### Provided entries
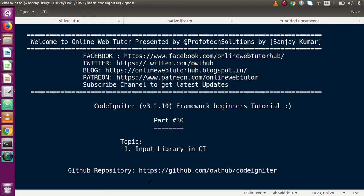Hello guys, welcome to Online Web Tutor presented by Proofotex Solutions Team. I am Sanjay. We are learning CodeIgniter framework beginner tutorial and this is part number 30. Inside this video session we will discuss about the Input Library in CodeIgniter. If you're a beginner to the channel, please don't forget to subscribe and keep watching our previous video sessions to get a clear concept about CodeIgniter framework tutorial.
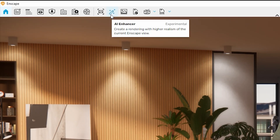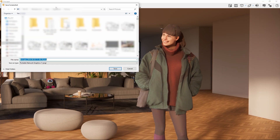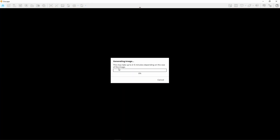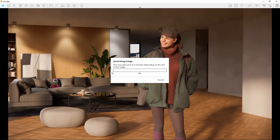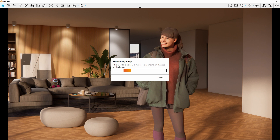Just like when you render a regular image, Enscape will ask you where to save your file. However, as soon as you accept a location and name, the rendered image will be run through a machine learning algorithm, isolating and improving natural elements in your scene.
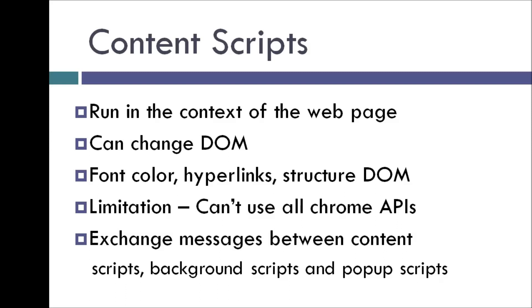But there is a limitation though. Content scripts cannot use most of the Chrome APIs. So to fully utilize the potential of content scripts, we need to exchange messages between content scripts and the background scripts or popup scripts.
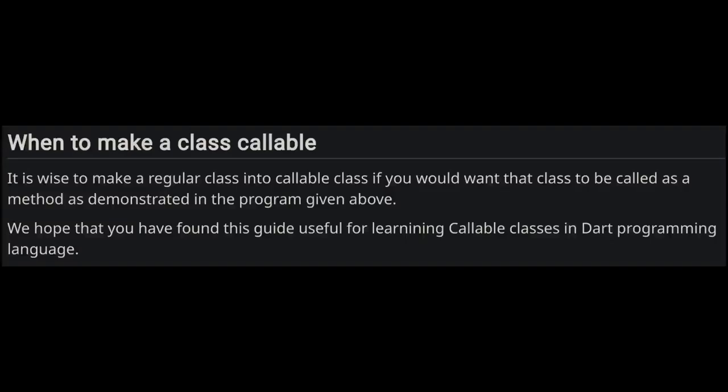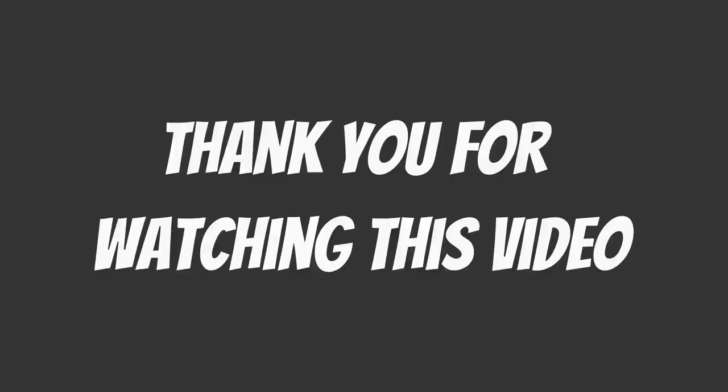Now you might wonder when to make a class callable. It is wise to make a regular class into a callable class if you would want that class to be called as a method as demonstrated in the program given above. We hope that you have found this video useful for understanding callable classes in Dart programming language.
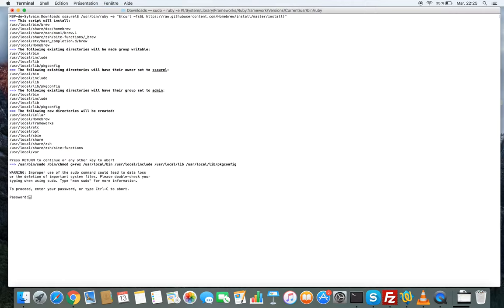You must be on sudo mode. Enter your password.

### Work instructions
Here the job is to quote the lines from the one with "But there is" through the end of the material, both included, exactly; please skip the pictures.

### Solution
But there is a limitation though. Content scripts cannot use most of the Chrome APIs. So to fully utilize the potential of content scripts, we need to exchange messages between content scripts and the background scripts or popup scripts.
Now you might wonder when to make a class callable. It is wise to make a regular class into a callable class if you would want that class to be called as a method as demonstrated in the program given above. We hope that you have found this video useful for understanding callable classes in Dart programming language.
You must be on sudo mode. Enter your password.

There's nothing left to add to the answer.